National Review Online
Saturday, February 28, 2026
Well, it’s going to be the hard way.
President Trump likes to tell adversaries of the United
States that we can do it the easy way or the hard way, and Iran, for the second
time in a year, is finding out what’s entailed in the latter.
In the wee hours of Saturday morning, Trump announced the
start of a massive military campaign. The strikes have been conducted jointly
with Israel, representing an unprecedented level of cooperation between the two
allies.
In a combined air and sea attack, the U.S.–Israeli
strikes hit anti-aircraft capabilities, ballistic missile sites, Islamic
Revolutionary Guard Corps facilities, and top leadership, including Supreme
Leader Ali Khamenei, who in an early stunning success was killed in the raid,
according to Trump and Israeli officials.
In a video statement released early this morning, Trump
explained that since the radical Islamic regime seized power in 1979, it has
been a destabilizing force in the region and a leading sponsor of terrorism
that has been responsible for countless deaths of Americans, including
servicemembers killed in roadside bombings in Iraq. Trump reiterated that he
was committed to ensuring that Iran does not have a nuclear weapon, but
negotiations made it clear that its leaders were never going to abandon their pursuit.

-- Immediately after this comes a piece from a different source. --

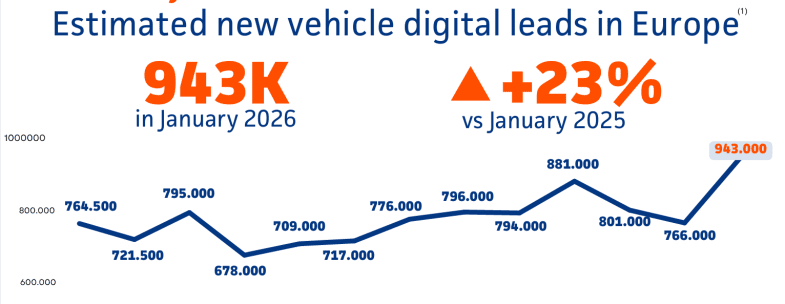 Rebond des signes d’intérêt pour le VN en janvier, selon Autobiz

Thus, he said, military action was the only course remaining.
Trump made the case for regime change, but he said
ultimately it would be up to the Iranian people themselves. “When we are
finished, take over your government,” he told them. “It will be yours to take.
This will be, probably, your only chance for generations. For many years, you
have asked for America’s help, but you never got it. No president was willing
to do what I am willing to do tonight. Now you have a president who is giving
you what you want. So let’s see how you respond.”
In what looks to be an early miscalculation, Iran aimed
at U.S. assets in the Arab Gulf states. An Iranian drone hit a high-rise
building in Bahrain, and another one hit the Kuwait International Airport.
Other strikes included sites in the United Arab Emirates, Qatar, and Jordan. As
a result of these actions, Saudi Arabia, which initially tried to stay neutral,
condemned “heinous Iranian aggression” and said that “all capabilities” would be at the disposal of the Gulf
states in any counterattacks against Iran.
As we watch the awesome display of U.S. military might,
we remember that history has given us many reasons to have humility about the
exercise of power. Whenever military force is used, the results are
unpredictable and potentially dangerous. Trump himself warned in his remarks
that there could be U.S. casualties. It’s obviously difficult to effect regime
change from the air, even with Khamenei presumed dead. And we don’t have any
good idea what might replace the Islamic Republic, although it’s hard to see how
— for cold-blooded U.S. purposes — anything could be worse than the
aggressively anti-American, terrorist regime in place in Tehran for nearly the
last 50 years.
Another risk is that expending munitions and military
assets against the Iranian regime will leave America weaker in a potential
fight against China (even if there is also an argument that the fall of the
regime would deprive China of a key ally in the Middle East).
While there is a case to be made that the 2001
Authorization for Use of Military Force was written so broadly that it could
justify this campaign without congressional approval, by shutting out Congress,
Trump has also short-circuited the attempt to make a case to the American
people as to why this action was necessary at this time. Such a campaign of
public persuasion is necessary to sustain any protracted campaign against Iran.
All that said, for decades, the unwritten rule was that
Iran could kill and maim Americans, and we could never directly hit back. To
his credit, Trump rejected this implicit arrangement last year in Midnight
Hammer and, this time, has gone further. The campaign promises, at the very
least, to lay waste to the nuclear and military infrastructure of the Iranian
regime. This will set back these programs and capabilities in a way that will
be difficult to recover from any time soon and will make it impossible for the
regime to project its malign influence throughout the region on the level we’ve
seen in recent decades.
Too often, American leadership has taken the easy way out
by looking the other way regarding Iranian perfidy or seeking to paper it over
with foolish diplomatic deals. In this sense, too, Trump is taking the hard
way. We wish him and the U.S. military every success.